Task to complete ::
Leave out the images and set down the records below exactly.

Dataset extract ::
- Opening Delimiter -
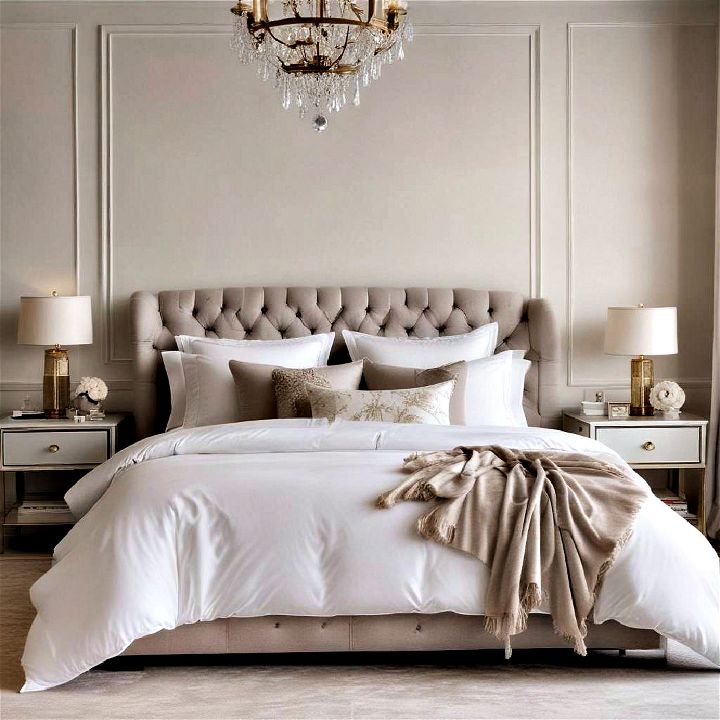 restful and luxurious bedding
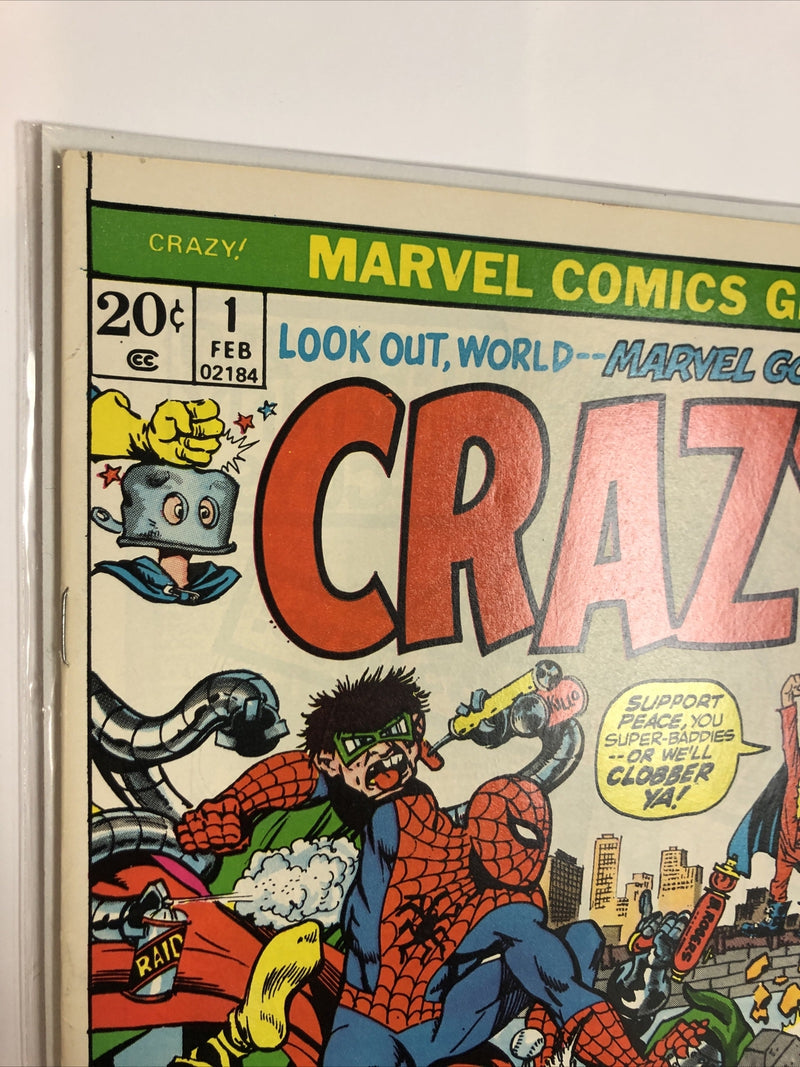 Crazy (1972)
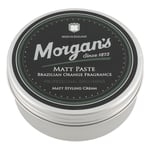 Morgans Pomade Brazilian Orange Matt Paste Styling Cream 75ml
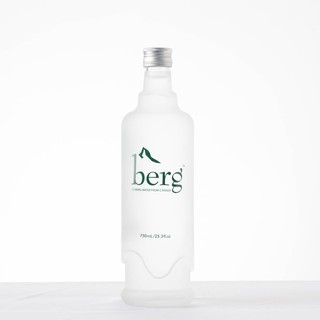 DM ICEBERG PURE WATER - GLASS BOTTLE 750ml. (12/ลัง)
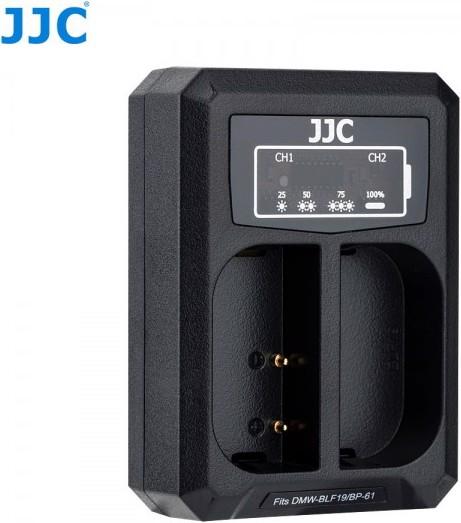 Produktbild JJC Duales USB-Ladegerät für Panasonic BLF19 / BLK22 (Ladegerät)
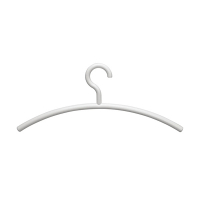 Maul cintre en plastique (5 pièces) - blanc 9451502 402405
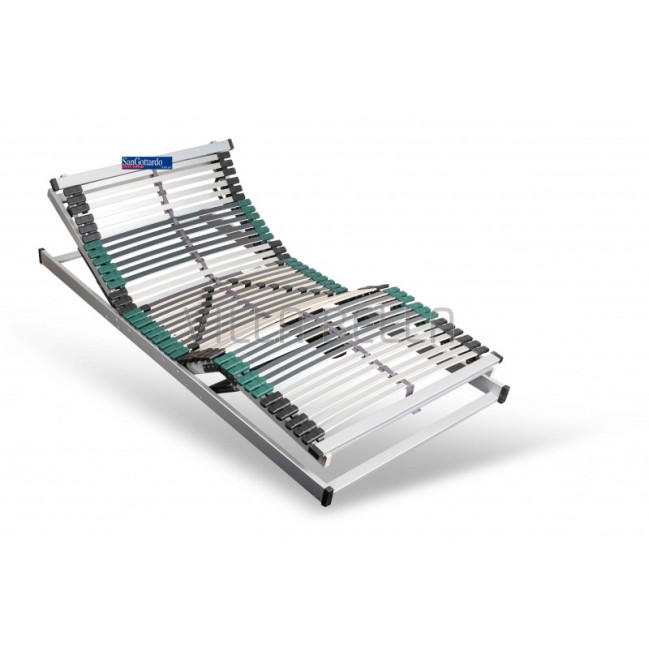 San Gottardo Slatted frame Innovative Electric 2M 100 x 200 cm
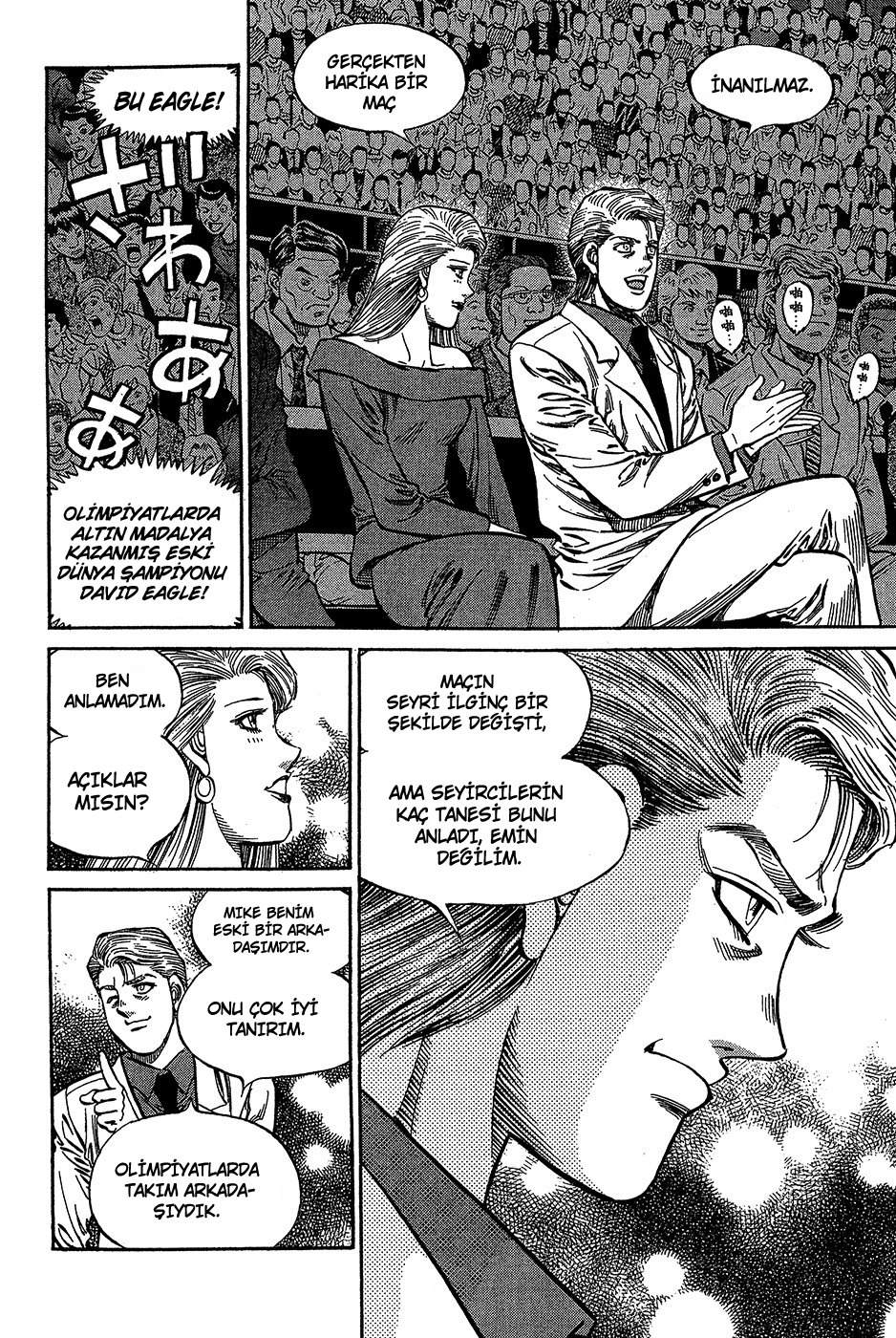 Read Hajime no Ippo Tr Manga Online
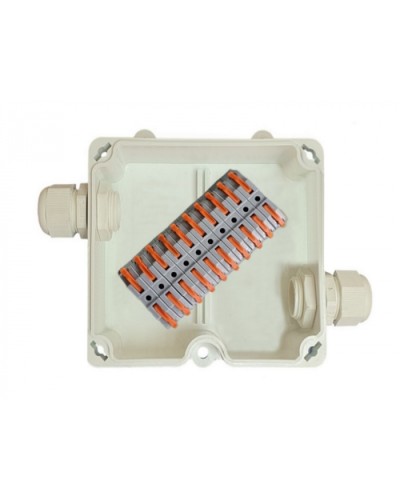 Коробка соединительная УСБСЕВЕРПЛ.6.ПС.6-12.Wago Магнито-Контакт в Уссурийске Распределительные коробки Pintop.ru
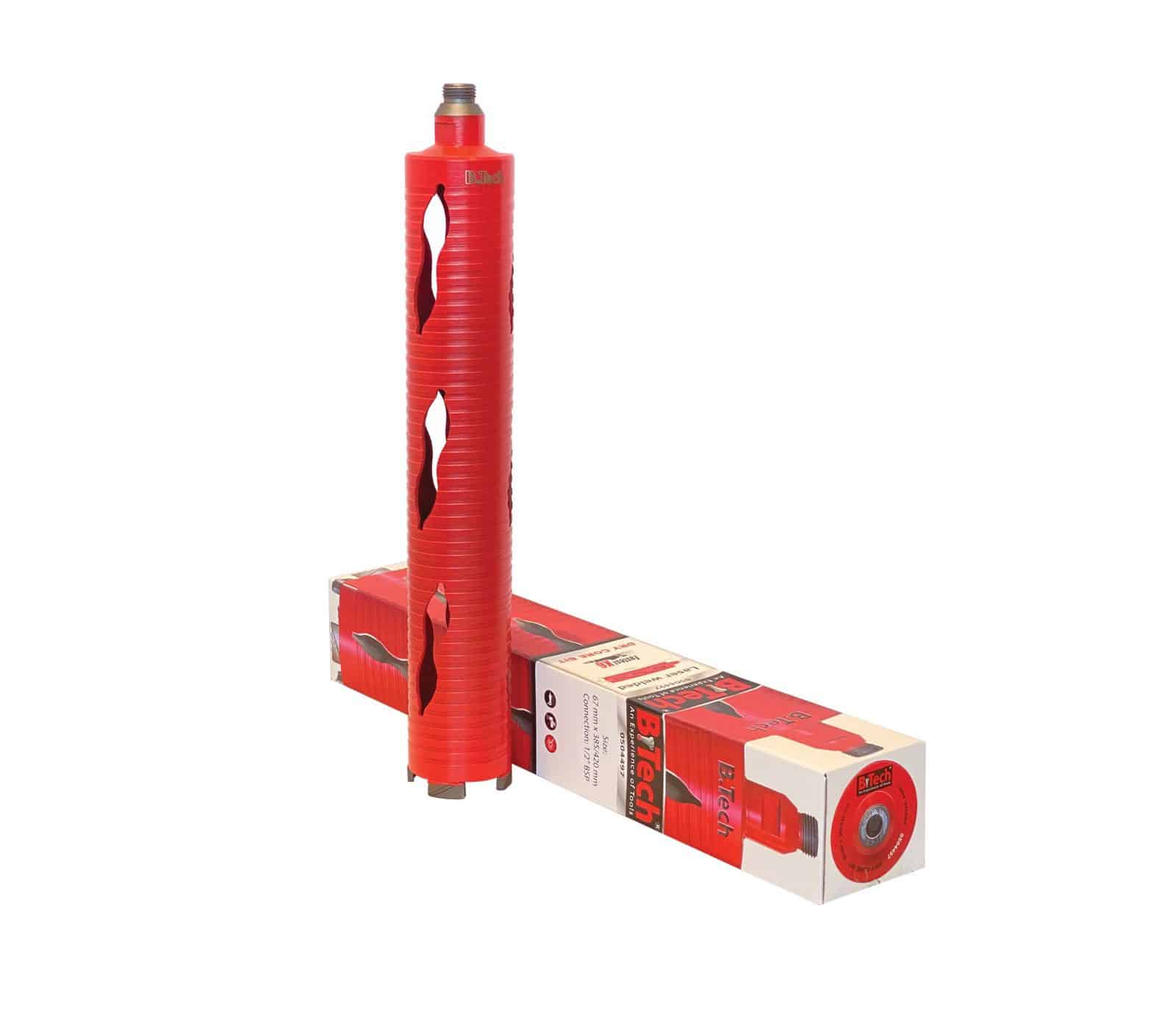 Ferrari Speed ​​Dry Diamond Cup Drill Bit Diameter 67 mm B.Tech 0504497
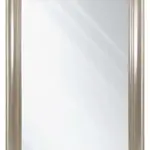 Nástenné zrkadlo 50x70 cm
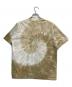 Needles (ニードルズ) タイダイTシャツ ベージュ サイズ:M：6000円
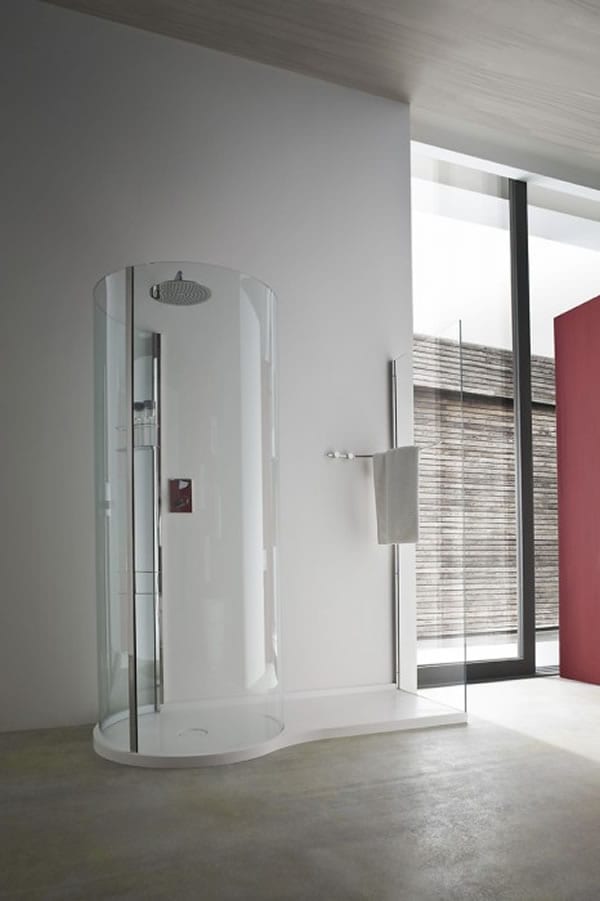 Pinifarina modern shower cabin design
- Closing Delimiter -
Solved problem ::
 restful and luxurious bedding
 Crazy (1972)
 Morgans Pomade Brazilian Orange Matt Paste Styling Cream 75ml
 DM ICEBERG PURE WATER - GLASS BOTTLE 750ml. (12/ลัง)
 Produktbild JJC Duales USB-Ladegerät für Panasonic BLF19 / BLK22 (Ladegerät)
 Maul cintre en plastique (5 pièces) - blanc 9451502 402405
 San Gottardo Slatted frame Innovative Electric 2M 100 x 200 cm
 Read Hajime no Ippo Tr Manga Online
 Коробка соединительная УСБСЕВЕРПЛ.6.ПС.6-12.Wago Магнито-Контакт в Уссурийске Распределительные коробки Pintop.ru
 Ferrari Speed ​​Dry Diamond Cup Drill Bit Diameter 67 mm B.Tech 0504497
 Nástenné zrkadlo 50x70 cm
 Needles (ニードルズ) タイダイTシャツ ベージュ サイズ:M：6000円
 Pinifarina modern shower cabin design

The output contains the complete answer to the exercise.